We have shown that the interactions between BJ and the reference antibiotics (CLA, MTZ and AMX) can improve the effectiveness of the synthetic antibiotic against H. pylori. Although the exact mechanism of action is not known, we believe that the synergistic effect may be due to the initial damage of the microbial lipid membrane by the plant compound, which would increase the permeability of the bacteria to the antibiotic. Trombetta et al. [28] have demonstrated that the damage of the microbial lipid membrane function by essential oils could be related to the lipid composition and the net surface charge of the membrane, the Gram-negative bacteria presenting a strong negative charge conferred by the lipopolysaccharide. Other reports on the mechanisms of action of isoflavones and chalcones have indicated an inhibition of the urease secreted by H. pylori which is crucial for its survival under the acidic conditions of the human stomach [29, 30]. Several flavone derivatives and other polyphenols in plants are able to inhibit ion and urea conduction and cell vacuolation by VacA, major virulence factor of H. pylori [31]. The anti-adhesive properties of BJ could also be responsible for its activity against H. pylori [16, 17].

The indifferent effect observed by the combination of BJ with CLA against H.pylori could be due to a number of mechanisms, such as inhibition of antibiotic uptake by the bacterial cells compared to MTZ and AMX. Alternatively, direct interaction between the two compounds may result in the reduction of the inhibitory effect. However, in the time-kill studies, the most effective combination was BJ and CLA against both clinical isolates and a synergistic interaction was detected against the two ATCC strains tested.

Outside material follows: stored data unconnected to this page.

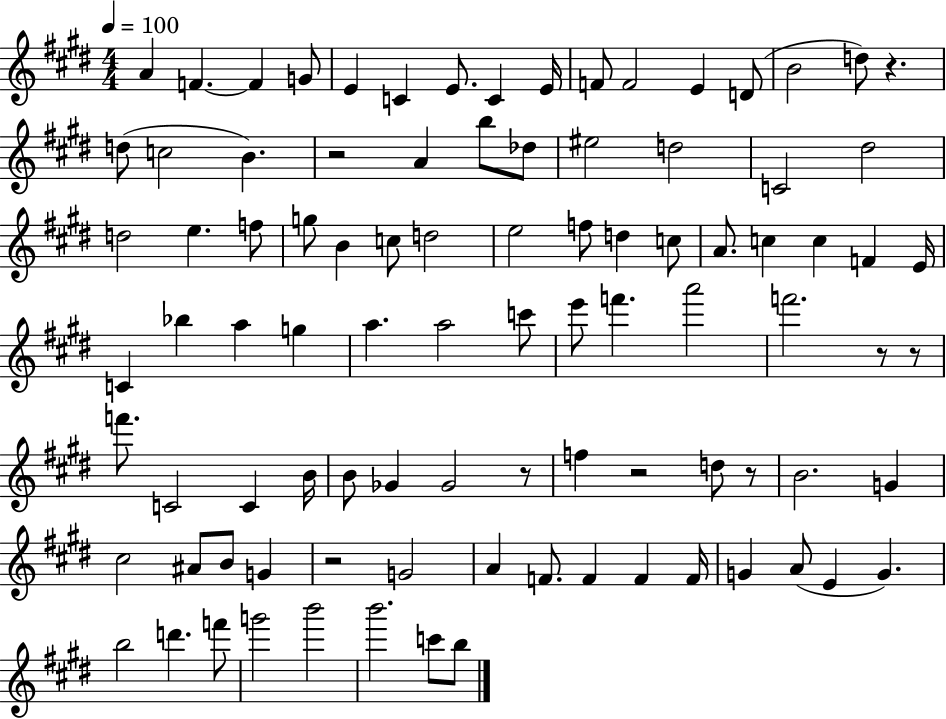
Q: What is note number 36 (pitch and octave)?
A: C5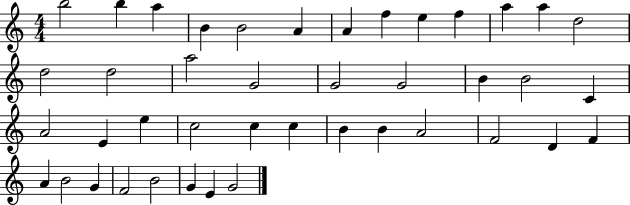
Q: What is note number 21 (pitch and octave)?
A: B4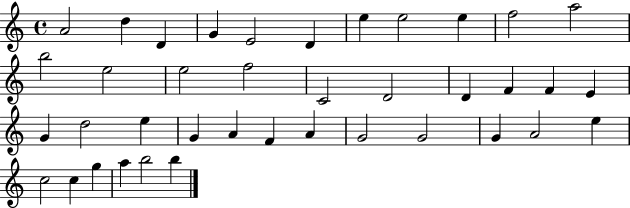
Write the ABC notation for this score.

X:1
T:Untitled
M:4/4
L:1/4
K:C
A2 d D G E2 D e e2 e f2 a2 b2 e2 e2 f2 C2 D2 D F F E G d2 e G A F A G2 G2 G A2 e c2 c g a b2 b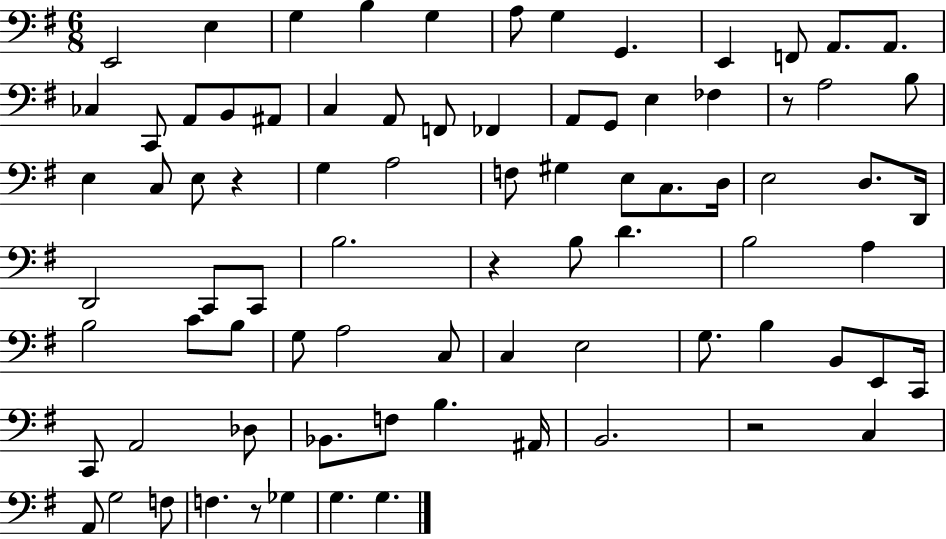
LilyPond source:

{
  \clef bass
  \numericTimeSignature
  \time 6/8
  \key g \major
  \repeat volta 2 { e,2 e4 | g4 b4 g4 | a8 g4 g,4. | e,4 f,8 a,8. a,8. | \break ces4 c,8 a,8 b,8 ais,8 | c4 a,8 f,8 fes,4 | a,8 g,8 e4 fes4 | r8 a2 b8 | \break e4 c8 e8 r4 | g4 a2 | f8 gis4 e8 c8. d16 | e2 d8. d,16 | \break d,2 c,8 c,8 | b2. | r4 b8 d'4. | b2 a4 | \break b2 c'8 b8 | g8 a2 c8 | c4 e2 | g8. b4 b,8 e,8 c,16 | \break c,8 a,2 des8 | bes,8. f8 b4. ais,16 | b,2. | r2 c4 | \break a,8 g2 f8 | f4. r8 ges4 | g4. g4. | } \bar "|."
}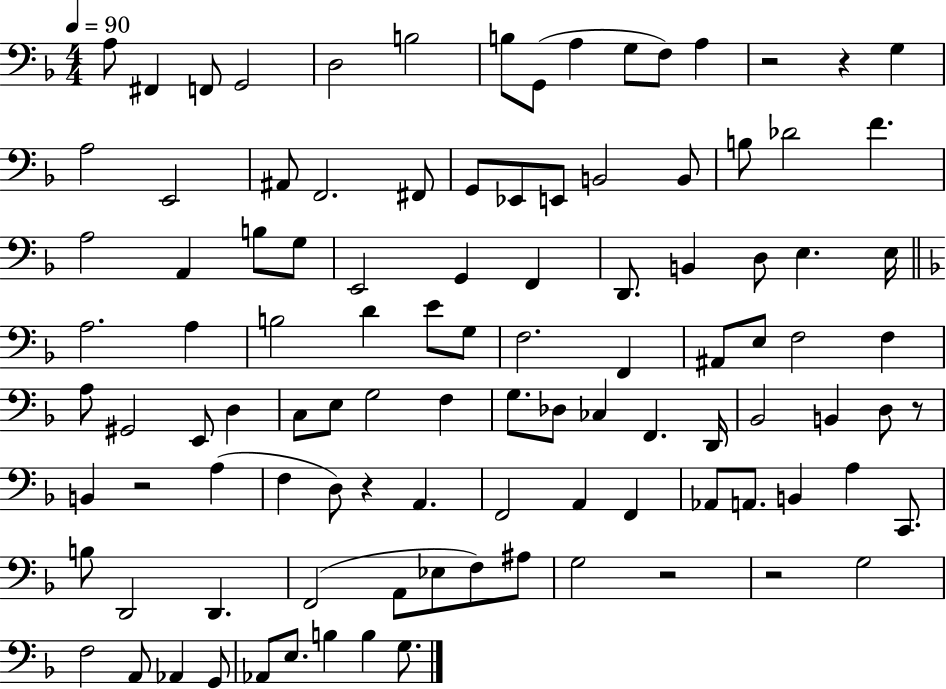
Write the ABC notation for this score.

X:1
T:Untitled
M:4/4
L:1/4
K:F
A,/2 ^F,, F,,/2 G,,2 D,2 B,2 B,/2 G,,/2 A, G,/2 F,/2 A, z2 z G, A,2 E,,2 ^A,,/2 F,,2 ^F,,/2 G,,/2 _E,,/2 E,,/2 B,,2 B,,/2 B,/2 _D2 F A,2 A,, B,/2 G,/2 E,,2 G,, F,, D,,/2 B,, D,/2 E, E,/4 A,2 A, B,2 D E/2 G,/2 F,2 F,, ^A,,/2 E,/2 F,2 F, A,/2 ^G,,2 E,,/2 D, C,/2 E,/2 G,2 F, G,/2 _D,/2 _C, F,, D,,/4 _B,,2 B,, D,/2 z/2 B,, z2 A, F, D,/2 z A,, F,,2 A,, F,, _A,,/2 A,,/2 B,, A, C,,/2 B,/2 D,,2 D,, F,,2 A,,/2 _E,/2 F,/2 ^A,/2 G,2 z2 z2 G,2 F,2 A,,/2 _A,, G,,/2 _A,,/2 E,/2 B, B, G,/2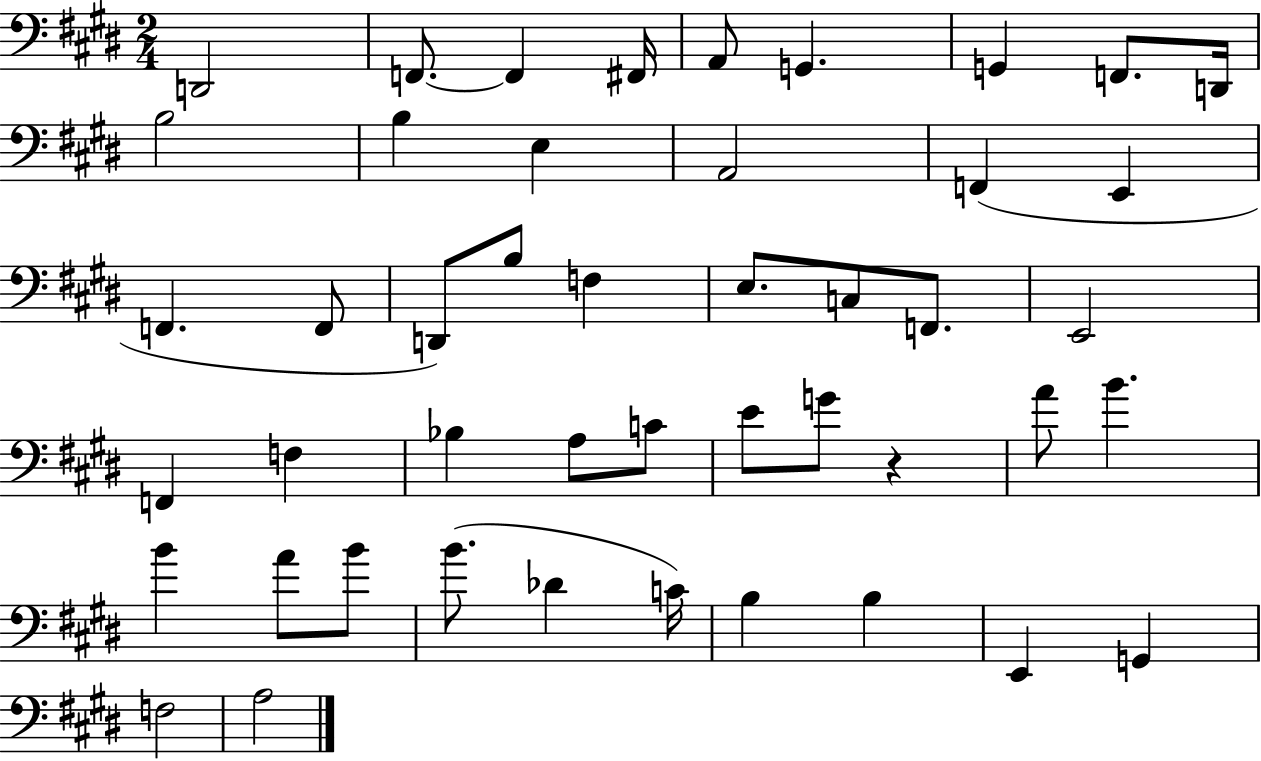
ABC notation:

X:1
T:Untitled
M:2/4
L:1/4
K:E
D,,2 F,,/2 F,, ^F,,/4 A,,/2 G,, G,, F,,/2 D,,/4 B,2 B, E, A,,2 F,, E,, F,, F,,/2 D,,/2 B,/2 F, E,/2 C,/2 F,,/2 E,,2 F,, F, _B, A,/2 C/2 E/2 G/2 z A/2 B B A/2 B/2 B/2 _D C/4 B, B, E,, G,, F,2 A,2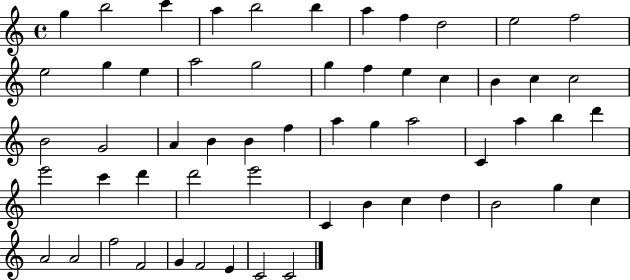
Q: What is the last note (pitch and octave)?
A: C4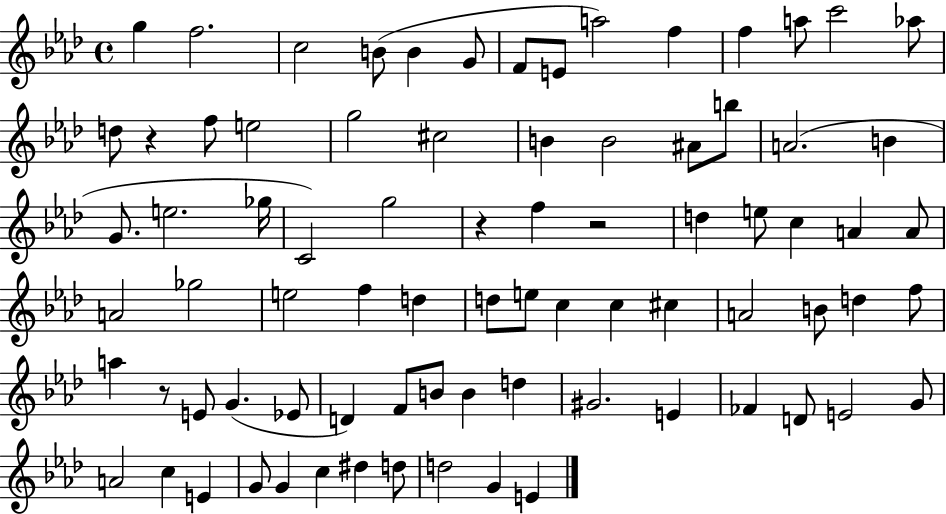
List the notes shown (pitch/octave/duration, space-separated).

G5/q F5/h. C5/h B4/e B4/q G4/e F4/e E4/e A5/h F5/q F5/q A5/e C6/h Ab5/e D5/e R/q F5/e E5/h G5/h C#5/h B4/q B4/h A#4/e B5/e A4/h. B4/q G4/e. E5/h. Gb5/s C4/h G5/h R/q F5/q R/h D5/q E5/e C5/q A4/q A4/e A4/h Gb5/h E5/h F5/q D5/q D5/e E5/e C5/q C5/q C#5/q A4/h B4/e D5/q F5/e A5/q R/e E4/e G4/q. Eb4/e D4/q F4/e B4/e B4/q D5/q G#4/h. E4/q FES4/q D4/e E4/h G4/e A4/h C5/q E4/q G4/e G4/q C5/q D#5/q D5/e D5/h G4/q E4/q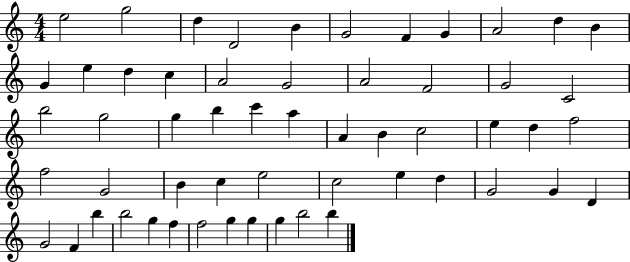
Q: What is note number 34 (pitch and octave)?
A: F5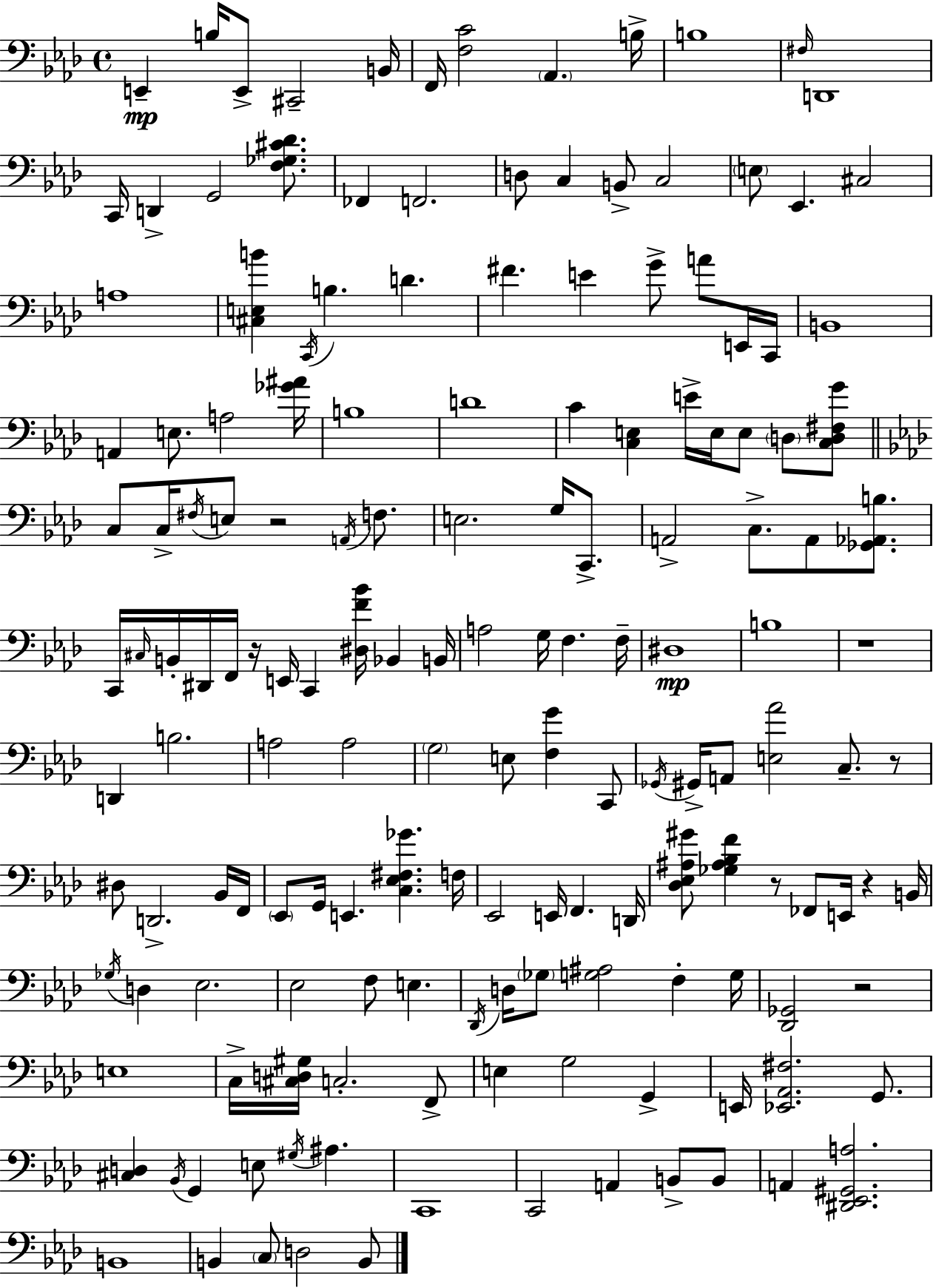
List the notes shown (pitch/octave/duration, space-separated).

E2/q B3/s E2/e C#2/h B2/s F2/s [F3,C4]/h Ab2/q. B3/s B3/w F#3/s D2/w C2/s D2/q G2/h [F3,Gb3,C#4,Db4]/e. FES2/q F2/h. D3/e C3/q B2/e C3/h E3/e Eb2/q. C#3/h A3/w [C#3,E3,B4]/q C2/s B3/q. D4/q. F#4/q. E4/q G4/e A4/e E2/s C2/s B2/w A2/q E3/e. A3/h [Gb4,A#4]/s B3/w D4/w C4/q [C3,E3]/q E4/s E3/s E3/e D3/e [C3,D3,F#3,G4]/e C3/e C3/s F#3/s E3/e R/h A2/s F3/e. E3/h. G3/s C2/e. A2/h C3/e. A2/e [Gb2,Ab2,B3]/e. C2/s C#3/s B2/s D#2/s F2/s R/s E2/s C2/q [D#3,F4,Bb4]/s Bb2/q B2/s A3/h G3/s F3/q. F3/s D#3/w B3/w R/w D2/q B3/h. A3/h A3/h G3/h E3/e [F3,G4]/q C2/e Gb2/s G#2/s A2/e [E3,Ab4]/h C3/e. R/e D#3/e D2/h. Bb2/s F2/s Eb2/e G2/s E2/q. [C3,Eb3,F#3,Gb4]/q. F3/s Eb2/h E2/s F2/q. D2/s [Db3,Eb3,A#3,G#4]/e [Gb3,A#3,Bb3,F4]/q R/e FES2/e E2/s R/q B2/s Gb3/s D3/q Eb3/h. Eb3/h F3/e E3/q. Db2/s D3/s Gb3/e [G3,A#3]/h F3/q G3/s [Db2,Gb2]/h R/h E3/w C3/s [C#3,D3,G#3]/s C3/h. F2/e E3/q G3/h G2/q E2/s [Eb2,Ab2,F#3]/h. G2/e. [C#3,D3]/q Bb2/s G2/q E3/e G#3/s A#3/q. C2/w C2/h A2/q B2/e B2/e A2/q [D#2,Eb2,G#2,A3]/h. B2/w B2/q C3/e D3/h B2/e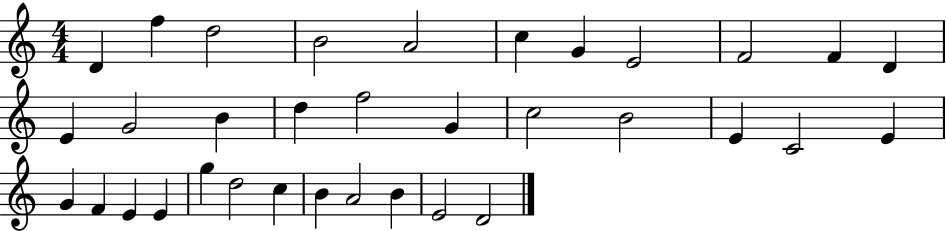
{
  \clef treble
  \numericTimeSignature
  \time 4/4
  \key c \major
  d'4 f''4 d''2 | b'2 a'2 | c''4 g'4 e'2 | f'2 f'4 d'4 | \break e'4 g'2 b'4 | d''4 f''2 g'4 | c''2 b'2 | e'4 c'2 e'4 | \break g'4 f'4 e'4 e'4 | g''4 d''2 c''4 | b'4 a'2 b'4 | e'2 d'2 | \break \bar "|."
}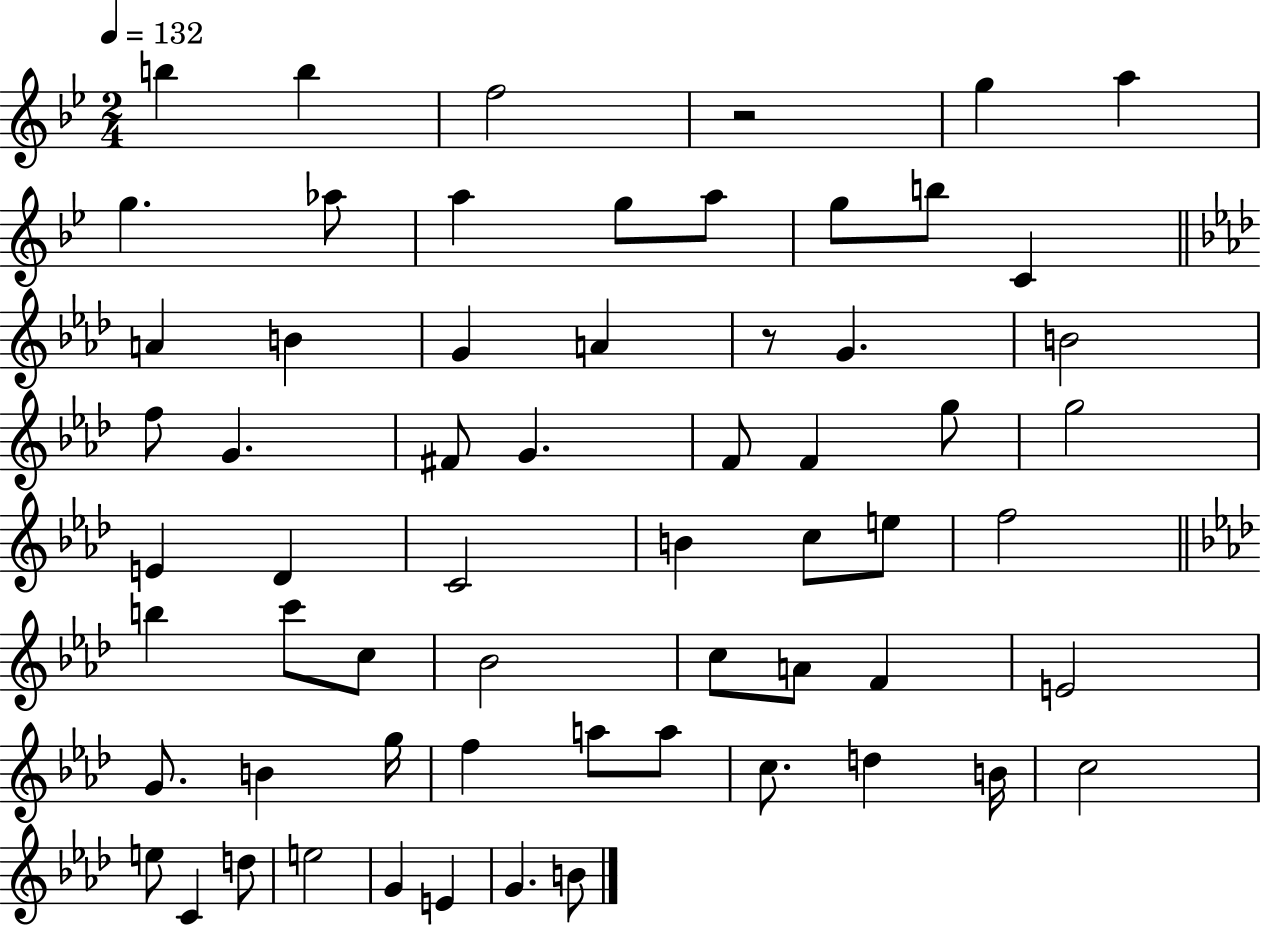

We have previously demonstrated that polyphenols present in bergamot peel were found to be active against a range of Gram-negative bacteria including Escherichia coli, Pseudomonas putida and Salmonella enterica, and their antimicrobial potency increased after enzymatic deglycosylation [32]. The most representative polyphenols present in bergamot peel were neohesperidin and hesperetin (aglycone), neoeriocitrin and eriodictyol (aglycone), naringin and naringenin (aglycone). We believe that the same compounds present in BJ could be responsible for the antimicrobial effect against H. pylori strains [37].

Conclusion

The results of the present study demonstrated that BJ was effective against H. pylori strains in vitro, both alone and in combination with antibiotics, and could therefore be used as novel strategy for the treatment of antibiotic resistance. Further studies on the mechanism of action of bergamot juice and its interaction with synthetic antibiotics are warranted.